**GIVEN INFORMATION:**
*****

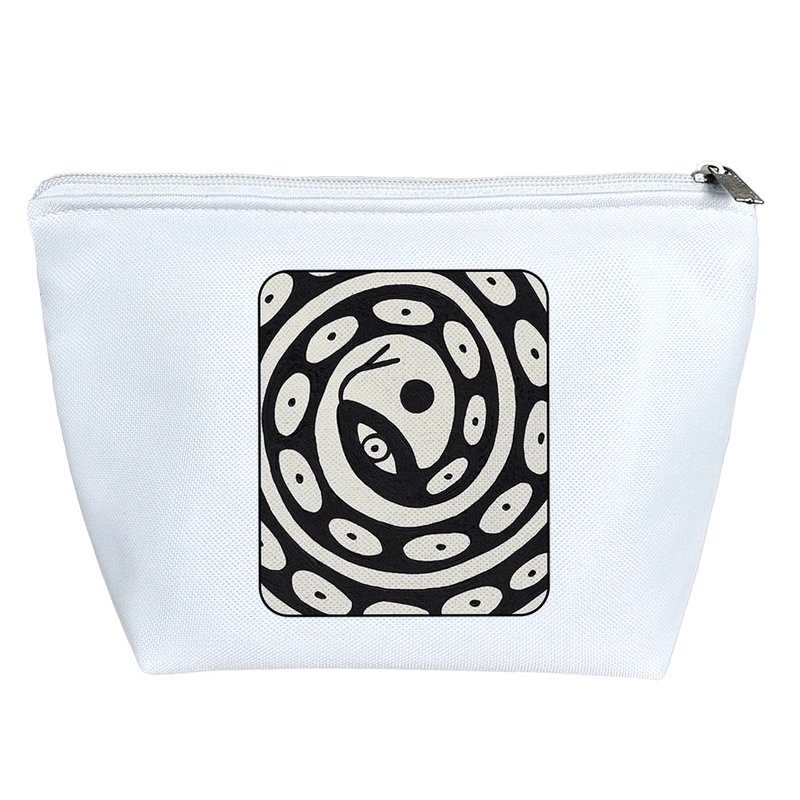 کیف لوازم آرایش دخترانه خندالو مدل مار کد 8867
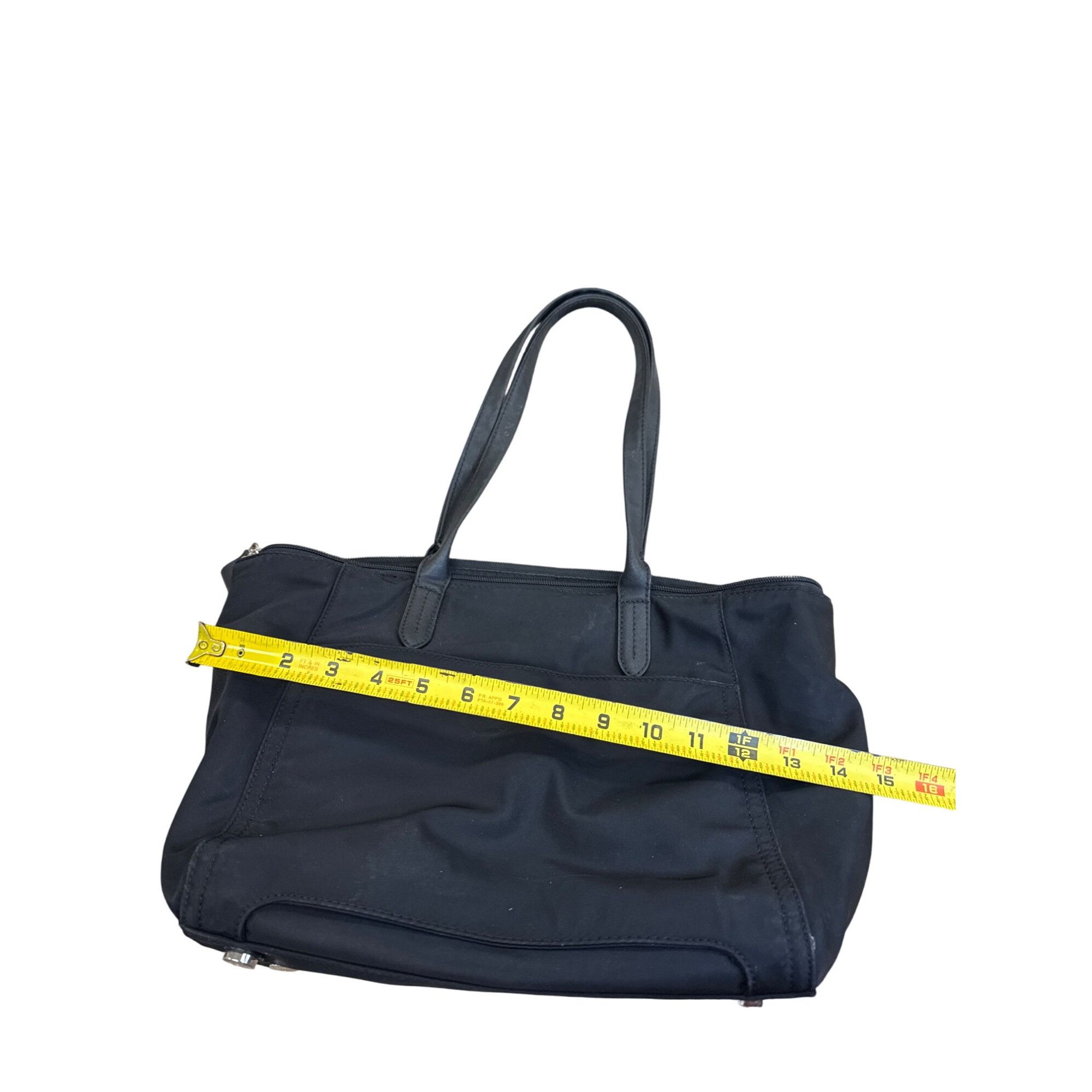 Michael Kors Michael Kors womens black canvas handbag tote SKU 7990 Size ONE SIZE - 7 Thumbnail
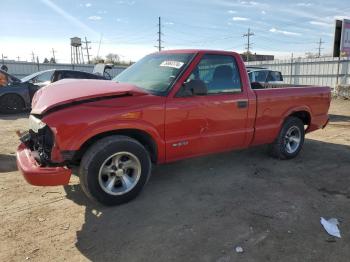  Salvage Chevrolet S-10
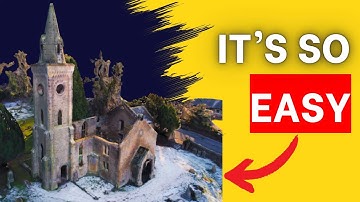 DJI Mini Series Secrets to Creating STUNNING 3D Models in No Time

*****

**AIM OF THE TASK:** None of the pictures belong in the copy. Write out exactly the lines from the line that holds "Salvage Chevrolet S-10" through the last line of the listing above, both ends included.

**WRITTEN SOLUTION:**
  Salvage Chevrolet S-10
 DJI Mini Series Secrets to Creating STUNNING 3D Models in No Time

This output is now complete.